1 x 11 seems to be all the rage these days, and Pete’s just opened up what appears to be just the cassette for it.
Shimano were late to the party with their 1 x 11 offerings but by the looks of this dinner plate sized cassette in their XT guise may have well caught up.
Pete will be flying in the face of his own preference to run the same gears and making his legs stronger with this massive 46t top ring. Will he be convinced otherwise or stick to tuning up the pins? Only time will tell.
Shimano’s XT offerings have long been the staple for high performance, reliable shifting for anyone not on one of the raptor-based SRAM setups. This XT M8000 cassette brings with it a hefty range with a weight that, while not ground-breaking, certainly isn’t going to sink any battleships.
This cassette goes head to head with the XO1 Eagle cassette from direct competitors, SRAM. While the SRAM cogs weight in less for a greater range (354g, 10-50t for SRAM and 434g, 11-42t), you and your wallet will wince if you need to replace the non-Japanese variant. At £99.99, the XT beast is far from a wallet killer and comes in at just under a third of the price of the SRAM equivalent (£302 for the 11-50t).

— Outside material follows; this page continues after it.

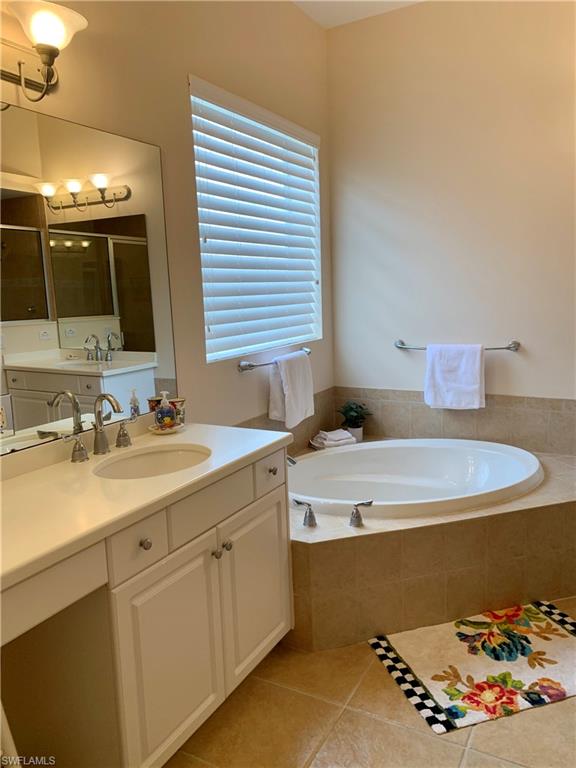 3910 Jasmine Lake Circle Naples, FL 34119 - Photo 11 of 32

The upper six cogs are all mated to two alloy cog carriers that should see your freehub body without the gouges you’re used to from cheaper steel carriers. Only the lower 4 see steel meeting alloy. Chrome plating is designed to see off the worst of the British winter without rusting solid while the Hyperglide teeth keep your gears shifting crisp as well.
Should you not want a monumental outer ring, smaller cogs are available. 11-40 and 11-42 11-speed XT cassettes should do much the same job. Only the smaller has different ratios rather than just having a smaller outer cog.
Pete’s looking forward to seeing if Shimano XT continues to be the benchmark and whether cadence is better than raw power.